- _WORK TO COMPLETE_
Please restate the data that follows word for word, with the pictures left out.

- _GIVEN MATERIAL_

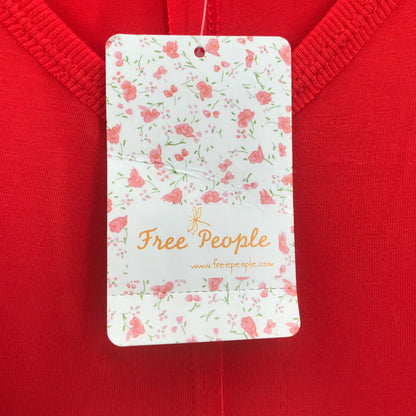 Free People Love Glare Blouse Top Long Sleeves V-Neck Red Size X-Small NWT
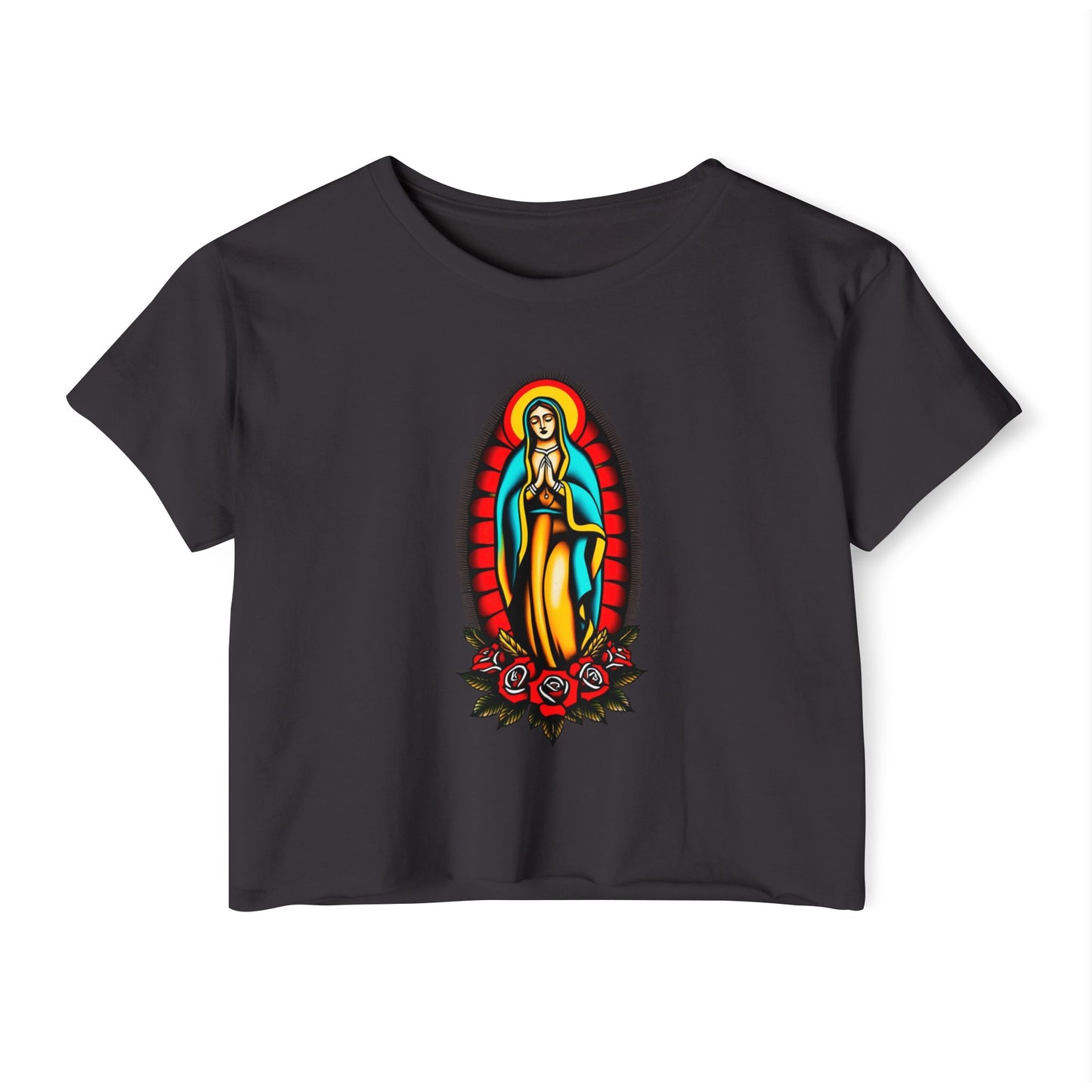 Mother Mary Divine Love Crop Tee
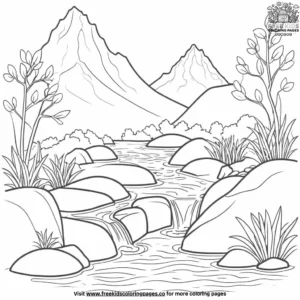 Rushing Mountain Spring Coloring Pages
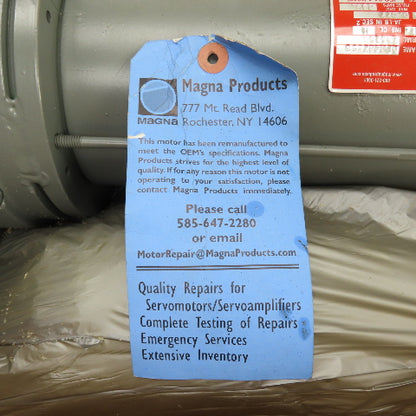 Peerless Magna 181-12-0009 300 Torque DC Servo Motor 130V 2500RPM Remanufactured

- _THE ANSWER_
 Free People Love Glare Blouse Top Long Sleeves V-Neck Red Size X-Small NWT
 Mother Mary Divine Love Crop Tee
 Rushing Mountain Spring Coloring Pages
 Peerless Magna 181-12-0009 300 Torque DC Servo Motor 130V 2500RPM Remanufactured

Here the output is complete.